Designed by Charles and Ray Eames
Eames Walnut Stools
Ray and Charles Eames designed the Eames Walnut Stools to function as stools or side tables—whatever the need requires. Crafted from solid turned walnut, these sculptural accent pieces feature concave tops and bottoms with a choice of three distinctively shaped center sections.
In September 1958, the United States Information Agency appointed George Nelson as chief designer of “The American National Exhibition,” which was set to open in Moscow the following summer. Nelson brought in Charles and Ray Eames in November of that year to help. The Eames Office conceived a multiscreen film called “Glimpses of the U.S.A.” Because of the tight deadline, the film needed to rely heavily on stock footage. Charles asked Henry Luce, chair of Time-Life, for access to the media company’s vast archives. Luce agreed, on condition that Charles and Ray might one day return the favor.

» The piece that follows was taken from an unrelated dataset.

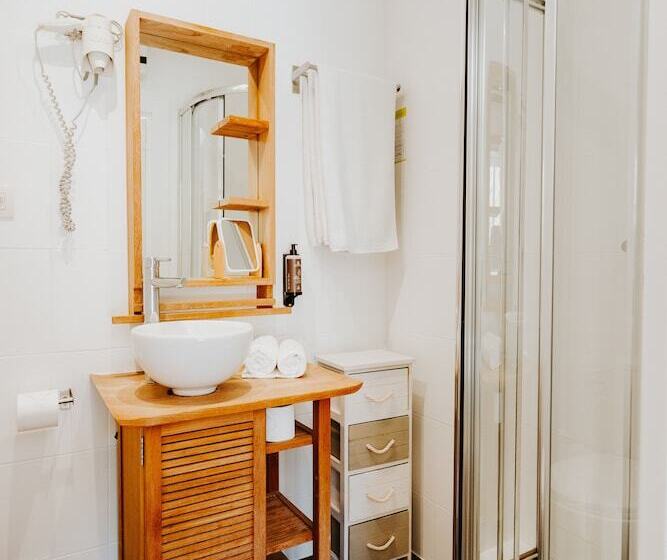 اتاق استاندارد, Le Petit Castel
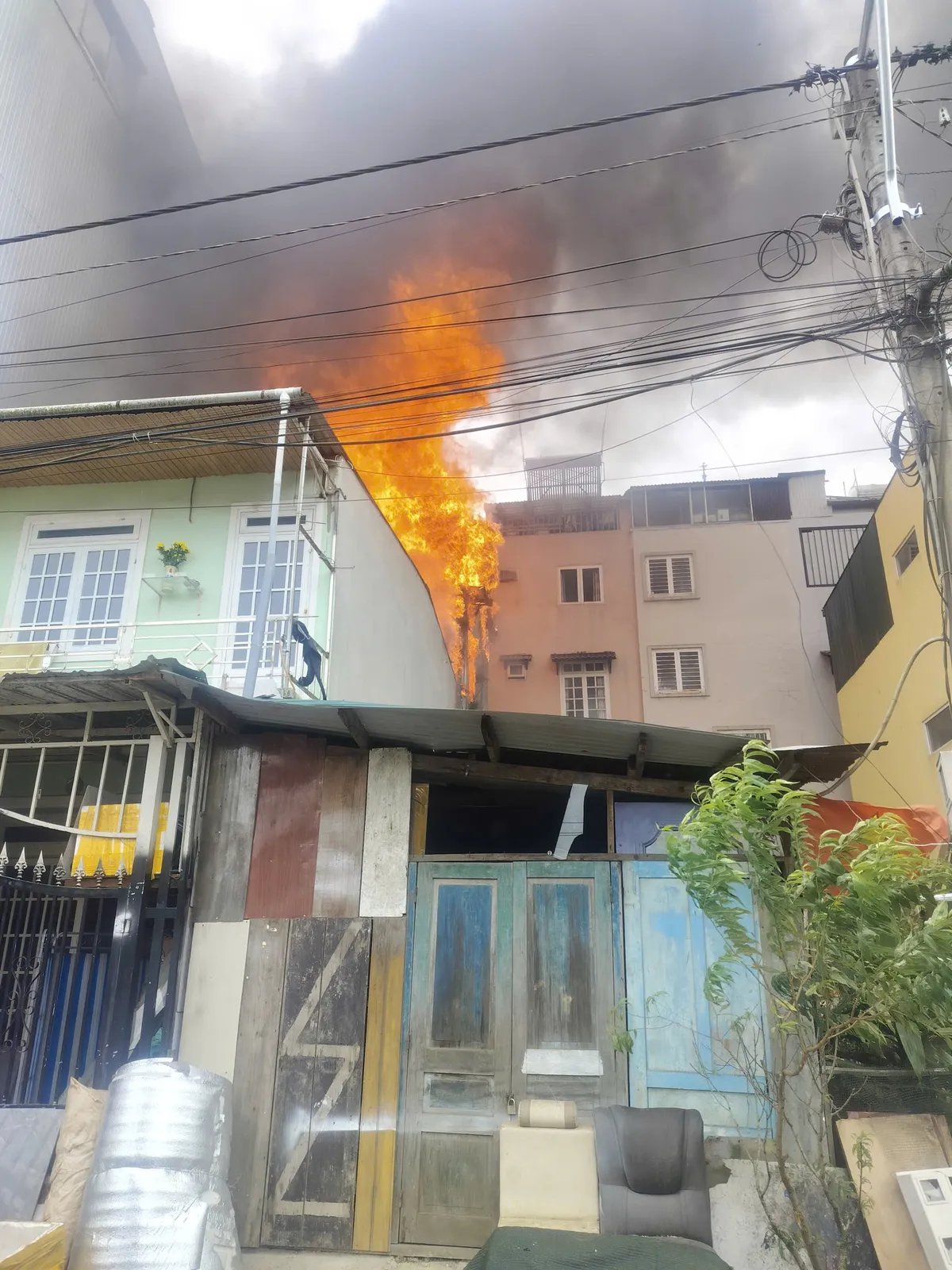 Kịp thời khống chế vụ cháy nhà dân giữa trung tâm Đà Lạt - Ảnh 2.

A year later, Luce commissioned the Eames Office to design three lobbies for the newly constructed Time-Life Building at Rockefeller Center: the main reception lobby on the 27th floor, and two smaller lobbies on the 28th and 29th floors. Every element of the floor-to-ceiling designs was produced by Herman Miller. Two of the project’s famous elements—a padded leather swivel chair and a series of small, solid wood stools—went into production as the Eames Executive Chair (aka the Time-Life Chair) and Eames Walnut Stools.